## What is being asked
Find the line containing "Robe 1940 en" in the data below, then output that line and each one after it exactly, with nothing else.

## Provided entries
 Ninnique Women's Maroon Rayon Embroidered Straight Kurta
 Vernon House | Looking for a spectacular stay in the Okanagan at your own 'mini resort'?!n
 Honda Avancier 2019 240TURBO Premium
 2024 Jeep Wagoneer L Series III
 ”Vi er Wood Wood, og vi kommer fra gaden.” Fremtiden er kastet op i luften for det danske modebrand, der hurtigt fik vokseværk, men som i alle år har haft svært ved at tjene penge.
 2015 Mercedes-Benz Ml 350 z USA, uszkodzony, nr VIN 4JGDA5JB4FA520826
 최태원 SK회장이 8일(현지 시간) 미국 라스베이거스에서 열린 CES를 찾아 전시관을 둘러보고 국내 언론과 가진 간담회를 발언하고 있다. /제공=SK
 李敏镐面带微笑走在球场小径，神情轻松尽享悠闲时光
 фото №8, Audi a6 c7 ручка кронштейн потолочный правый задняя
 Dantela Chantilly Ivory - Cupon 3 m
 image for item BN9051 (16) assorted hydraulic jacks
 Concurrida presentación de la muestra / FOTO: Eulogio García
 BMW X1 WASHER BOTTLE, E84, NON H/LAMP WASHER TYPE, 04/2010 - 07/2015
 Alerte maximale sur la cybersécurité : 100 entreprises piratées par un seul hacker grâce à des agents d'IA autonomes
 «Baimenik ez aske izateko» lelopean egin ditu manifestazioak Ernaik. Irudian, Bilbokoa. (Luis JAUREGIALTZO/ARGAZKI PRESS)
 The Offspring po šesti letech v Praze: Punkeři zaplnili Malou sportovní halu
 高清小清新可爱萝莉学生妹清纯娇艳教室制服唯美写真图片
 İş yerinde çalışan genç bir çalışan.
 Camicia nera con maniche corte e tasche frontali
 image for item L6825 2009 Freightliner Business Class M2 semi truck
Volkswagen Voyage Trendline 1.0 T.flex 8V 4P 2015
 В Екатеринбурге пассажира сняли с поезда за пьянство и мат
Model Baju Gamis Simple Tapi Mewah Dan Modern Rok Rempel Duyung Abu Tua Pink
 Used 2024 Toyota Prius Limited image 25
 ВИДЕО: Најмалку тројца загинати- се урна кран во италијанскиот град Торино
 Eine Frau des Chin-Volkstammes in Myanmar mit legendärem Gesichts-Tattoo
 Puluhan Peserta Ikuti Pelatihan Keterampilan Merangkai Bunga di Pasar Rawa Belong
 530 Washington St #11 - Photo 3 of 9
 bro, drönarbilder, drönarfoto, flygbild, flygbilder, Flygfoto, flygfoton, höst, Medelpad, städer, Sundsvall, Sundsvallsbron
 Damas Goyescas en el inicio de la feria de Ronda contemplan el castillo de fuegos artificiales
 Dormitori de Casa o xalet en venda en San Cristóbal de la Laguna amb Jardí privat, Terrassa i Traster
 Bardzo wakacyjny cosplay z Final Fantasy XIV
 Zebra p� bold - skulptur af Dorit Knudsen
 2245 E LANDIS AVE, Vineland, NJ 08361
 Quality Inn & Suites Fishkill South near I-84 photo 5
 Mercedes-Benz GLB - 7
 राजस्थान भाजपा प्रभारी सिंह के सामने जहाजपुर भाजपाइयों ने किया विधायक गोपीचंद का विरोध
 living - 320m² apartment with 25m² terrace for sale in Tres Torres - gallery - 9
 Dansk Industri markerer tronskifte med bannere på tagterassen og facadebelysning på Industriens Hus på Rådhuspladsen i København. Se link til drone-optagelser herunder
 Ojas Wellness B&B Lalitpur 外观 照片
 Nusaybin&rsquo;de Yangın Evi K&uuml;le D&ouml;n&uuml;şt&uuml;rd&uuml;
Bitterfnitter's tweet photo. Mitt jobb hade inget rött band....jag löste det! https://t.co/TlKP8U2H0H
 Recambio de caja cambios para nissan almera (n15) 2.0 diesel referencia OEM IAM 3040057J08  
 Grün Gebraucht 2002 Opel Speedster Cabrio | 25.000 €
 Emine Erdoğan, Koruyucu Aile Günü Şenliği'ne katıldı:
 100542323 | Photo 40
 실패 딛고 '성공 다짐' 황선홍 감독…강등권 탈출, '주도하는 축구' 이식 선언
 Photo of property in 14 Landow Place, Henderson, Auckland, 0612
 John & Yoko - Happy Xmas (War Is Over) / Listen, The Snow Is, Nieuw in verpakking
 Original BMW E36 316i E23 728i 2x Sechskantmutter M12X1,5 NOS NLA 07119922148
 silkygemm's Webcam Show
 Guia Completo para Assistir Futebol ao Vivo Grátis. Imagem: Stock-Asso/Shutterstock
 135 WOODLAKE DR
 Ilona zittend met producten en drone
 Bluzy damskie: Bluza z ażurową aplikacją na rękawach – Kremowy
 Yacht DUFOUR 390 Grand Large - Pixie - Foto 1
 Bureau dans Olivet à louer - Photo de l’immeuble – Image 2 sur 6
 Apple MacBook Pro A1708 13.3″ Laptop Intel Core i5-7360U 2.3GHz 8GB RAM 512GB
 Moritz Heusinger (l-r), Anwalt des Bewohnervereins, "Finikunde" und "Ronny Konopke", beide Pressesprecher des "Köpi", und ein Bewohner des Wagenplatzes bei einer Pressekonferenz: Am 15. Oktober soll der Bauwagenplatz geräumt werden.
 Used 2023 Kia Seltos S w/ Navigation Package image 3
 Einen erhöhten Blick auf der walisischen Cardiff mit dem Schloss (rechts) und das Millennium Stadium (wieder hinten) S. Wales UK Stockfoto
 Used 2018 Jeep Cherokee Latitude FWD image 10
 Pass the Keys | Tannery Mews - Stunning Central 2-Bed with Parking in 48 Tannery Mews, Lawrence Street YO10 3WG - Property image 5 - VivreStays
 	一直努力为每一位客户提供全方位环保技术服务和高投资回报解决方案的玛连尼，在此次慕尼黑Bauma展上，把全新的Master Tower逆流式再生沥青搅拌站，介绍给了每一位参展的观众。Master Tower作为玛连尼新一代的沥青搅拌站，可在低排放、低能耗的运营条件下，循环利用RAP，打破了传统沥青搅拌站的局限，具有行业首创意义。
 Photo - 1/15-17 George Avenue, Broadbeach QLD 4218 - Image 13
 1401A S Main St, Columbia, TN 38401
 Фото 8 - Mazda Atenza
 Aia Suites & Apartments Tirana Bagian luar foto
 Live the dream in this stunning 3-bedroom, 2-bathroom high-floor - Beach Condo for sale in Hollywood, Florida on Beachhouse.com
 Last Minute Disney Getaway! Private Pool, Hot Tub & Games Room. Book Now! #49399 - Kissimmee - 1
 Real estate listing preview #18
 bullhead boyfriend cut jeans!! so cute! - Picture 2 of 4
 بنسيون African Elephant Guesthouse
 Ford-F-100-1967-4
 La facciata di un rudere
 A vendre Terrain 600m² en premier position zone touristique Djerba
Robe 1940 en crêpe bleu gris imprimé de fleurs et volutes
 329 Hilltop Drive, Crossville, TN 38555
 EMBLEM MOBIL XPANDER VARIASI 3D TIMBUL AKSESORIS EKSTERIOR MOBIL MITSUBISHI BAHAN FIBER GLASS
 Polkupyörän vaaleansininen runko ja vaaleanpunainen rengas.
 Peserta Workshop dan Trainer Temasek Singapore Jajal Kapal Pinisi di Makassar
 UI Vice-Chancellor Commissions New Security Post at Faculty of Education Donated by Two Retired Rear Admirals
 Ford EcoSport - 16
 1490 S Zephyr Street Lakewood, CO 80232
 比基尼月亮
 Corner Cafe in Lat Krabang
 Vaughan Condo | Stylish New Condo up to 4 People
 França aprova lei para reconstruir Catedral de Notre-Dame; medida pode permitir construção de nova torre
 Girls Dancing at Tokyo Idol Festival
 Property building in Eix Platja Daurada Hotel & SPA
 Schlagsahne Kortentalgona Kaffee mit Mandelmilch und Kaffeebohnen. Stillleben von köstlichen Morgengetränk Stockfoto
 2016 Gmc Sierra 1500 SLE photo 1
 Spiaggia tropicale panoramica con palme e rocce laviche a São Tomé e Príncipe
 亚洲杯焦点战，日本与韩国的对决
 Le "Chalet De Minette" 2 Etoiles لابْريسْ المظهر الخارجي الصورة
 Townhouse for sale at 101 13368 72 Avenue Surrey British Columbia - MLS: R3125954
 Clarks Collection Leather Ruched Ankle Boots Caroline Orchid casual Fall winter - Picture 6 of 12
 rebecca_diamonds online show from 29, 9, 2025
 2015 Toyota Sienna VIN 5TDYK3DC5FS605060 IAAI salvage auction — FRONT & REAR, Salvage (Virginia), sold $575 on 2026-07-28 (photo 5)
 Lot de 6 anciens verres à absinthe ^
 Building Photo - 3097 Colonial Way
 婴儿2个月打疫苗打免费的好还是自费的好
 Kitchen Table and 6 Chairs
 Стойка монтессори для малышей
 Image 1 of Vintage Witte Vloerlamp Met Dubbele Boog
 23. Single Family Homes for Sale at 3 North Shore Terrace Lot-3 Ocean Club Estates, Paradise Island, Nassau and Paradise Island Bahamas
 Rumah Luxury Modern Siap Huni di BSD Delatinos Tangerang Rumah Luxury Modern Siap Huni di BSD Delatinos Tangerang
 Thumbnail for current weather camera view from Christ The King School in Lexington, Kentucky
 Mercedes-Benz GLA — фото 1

## Task output
Robe 1940 en crêpe bleu gris imprimé de fleurs et volutes
 329 Hilltop Drive, Crossville, TN 38555
 EMBLEM MOBIL XPANDER VARIASI 3D TIMBUL AKSESORIS EKSTERIOR MOBIL MITSUBISHI BAHAN FIBER GLASS
 Polkupyörän vaaleansininen runko ja vaaleanpunainen rengas.
 Peserta Workshop dan Trainer Temasek Singapore Jajal Kapal Pinisi di Makassar
 UI Vice-Chancellor Commissions New Security Post at Faculty of Education Donated by Two Retired Rear Admirals
 Ford EcoSport - 16
 1490 S Zephyr Street Lakewood, CO 80232
 比基尼月亮
 Corner Cafe in Lat Krabang
 Vaughan Condo | Stylish New Condo up to 4 People
 França aprova lei para reconstruir Catedral de Notre-Dame; medida pode permitir construção de nova torre
 Girls Dancing at Tokyo Idol Festival
 Property building in Eix Platja Daurada Hotel & SPA
 Schlagsahne Kortentalgona Kaffee mit Mandelmilch und Kaffeebohnen. Stillleben von köstlichen Morgengetränk Stockfoto
 2016 Gmc Sierra 1500 SLE photo 1
 Spiaggia tropicale panoramica con palme e rocce laviche a São Tomé e Príncipe
 亚洲杯焦点战，日本与韩国的对决
 Le "Chalet De Minette" 2 Etoiles لابْريسْ المظهر الخارجي الصورة
 Townhouse for sale at 101 13368 72 Avenue Surrey British Columbia - MLS: R3125954
 Clarks Collection Leather Ruched Ankle Boots Caroline Orchid casual Fall winter - Picture 6 of 12
 rebecca_diamonds online show from 29, 9, 2025
 2015 Toyota Sienna VIN 5TDYK3DC5FS605060 IAAI salvage auction — FRONT & REAR, Salvage (Virginia), sold $575 on 2026-07-28 (photo 5)
 Lot de 6 anciens verres à absinthe ^
 Building Photo - 3097 Colonial Way
 婴儿2个月打疫苗打免费的好还是自费的好
 Kitchen Table and 6 Chairs
 Стойка монтессори для малышей
 Image 1 of Vintage Witte Vloerlamp Met Dubbele Boog
 23. Single Family Homes for Sale at 3 North Shore Terrace Lot-3 Ocean Club Estates, Paradise Island, Nassau and Paradise Island Bahamas
 Rumah Luxury Modern Siap Huni di BSD Delatinos Tangerang Rumah Luxury Modern Siap Huni di BSD Delatinos Tangerang
 Thumbnail for current weather camera view from Christ The King School in Lexington, Kentucky
 Mercedes-Benz GLA — фото 1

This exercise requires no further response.